Judy Walton

Judy Walton didn’t have time for cancer. With a busy blended household of five kids, a husband in poor health, and a fast-paced career, her agenda was full.

“I worked like a maniac with high-level global projects that required lots of travel. I loved my job – I had a fabulous career,” Judy reflects.

But at age 49, after losing her husband to a rare disease, and after the tough decision to leave her 25-year post as a senior HR executive for a major oil company, Judy discovered that cancer would be her next challenge.

“It was crazy, I had worked through my husband’s illness and treatments, and continued working even after he died. And wouldn’t you know it, just a few months after leaving my job, there I am without benefits and the backstop of an employer, and I’m diagnosed with breast cancer.”

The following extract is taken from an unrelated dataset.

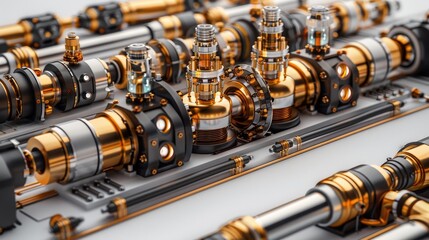 Canvas Print - Close-up view of intricate machinery components with metallic and golden elements, showcasing advanced engineering and precision manufacturing.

This was late in 2006, before Wellspring Calgary was fully launched, but Judy found her way through the difficult days with the help of friends and Breast Cancer Supportive Care. Her medical treatment plan was swift and thorough, and thankfully, successful. “I had the full-meal deal; surgery, chemotherapy, radiation, Herceptin, and tamoxifen.”

Nearly a decade later, after returning to her career in a consulting role and adding Executive Coaching to her list of attributes, Judy found herself volunteering for a six-day Cancervive event, an annual cycling tour that raises funds for Wellspring Calgary. There she connected with the mission and vision of Wellspring and decided to join the organization as a front desk volunteer.

 

Today, Judy is a treasured Wellspring program leader. She facilitates Wellspring’s Returning to Work program, a perfect complement to her HR and coaching experience.

“This program is a tremendous resource for people getting back on their feet after a cancer diagnosis. There can be a lot of anxiety about your ability to return to work. I see people take this program and become empowered. They feel stronger about boundaries, clearer about taking responsibility for their well-being, better equipped with skills for negotiating what they need, both in work and in life.”

Judy also performs the role of Zoom host with Trudy Boyle for Wellspring’s Living Well program. She counts this as a surprising Covid blessing – calling the program “wonderful” and feeling lucky that while assisting, she is “getting the good stuff” for herself.

In discussing illness as a whole and zeroing in on her experience with her stepson’s battle with Multiple Sclerosis, Judy shares her vision of a broader application of the Wellspring formula.

“There are so many illnesses and diseases that would benefit from the model of care Wellspring provides,” she explains. “When I talk to people about Wellspring, how I differentiate it from medical treatment is by calling it a vital support of the human being during a cancer experience.

Though Judy herself did not enjoy the benefits of Wellspring when she was a cancer patient, she is reaping her share now.

“You don’t miss what you don’t know about, but now that I know about Wellspring, I sure wish I had been able to take advantage of this incredible community of support. The main thing is, I’m there now and if that helps others, I’m where I should be.”